To a later generation of fans, he was known as a talkative TV analyst, his passion, exuberance, and outspokenness making him both a colorful and controversial personality.
“One thing I learned a long time ago is that there is no control over what people think of you,” said Mr. Heinsohn, who once appeared in a famous Miller Lite commercial. showing NBA referee Mendy Rudolph pulling him out of a bar. “Some people have said of me, ‘Hey, it’s great to see someone so excited.’ Others said I was a howling donkey.
“And all I can say is, ‘It’s me, mate.’ I’m involved, and when I’m involved, I let it all hang out. I don’t worry about my image. “
Thomas William Heinsohn, born August 26, 1934, grew up in Union City, NJ, where he attended St. Michael’s High School before enrolling at Holy Cross.
“My mom bought me a whole new suit to go to college,” he recalls. “We were poor, but she wanted me to have this. It was a powder blue suit with ankle-length pants – you know, skinny at the bottom. I think I made a good impression with it.
Mr. Heinsohn made a more lasting impression on the pitch, where he was the Crusaders captain and a first-team All-American. He scored an academic record of 51 points against Boston College at the Garden and helped lead the Crusaders to the National Invitational Championship in 1954 as well as two NCAA playoff offers.

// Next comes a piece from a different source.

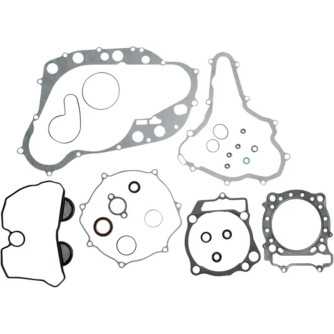 Complete engine gasket & oil seal kit for 450 LTR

Before the Celtics picked him as their home pick in the 1956 draft, Mr. Heinsohn considered playing for the amateur Athletic Union team in Peoria, Ill., And trying for that year’s Olympics in Melbourne, where he would have played alongside future Boston teammates. Russell and KC Jones in the US gold medal team.
Instead, he signed with the Celtics and played an invaluable starting role in their title race in 1957. In Game 7 of the Series Finals against the St. Louis Hawks, Mr. Heinsohn scored 37 points. and grabbed 23 rebounds, leading the Celtics to a brace. -the triumph over time. It was the franchise’s first NBA championship.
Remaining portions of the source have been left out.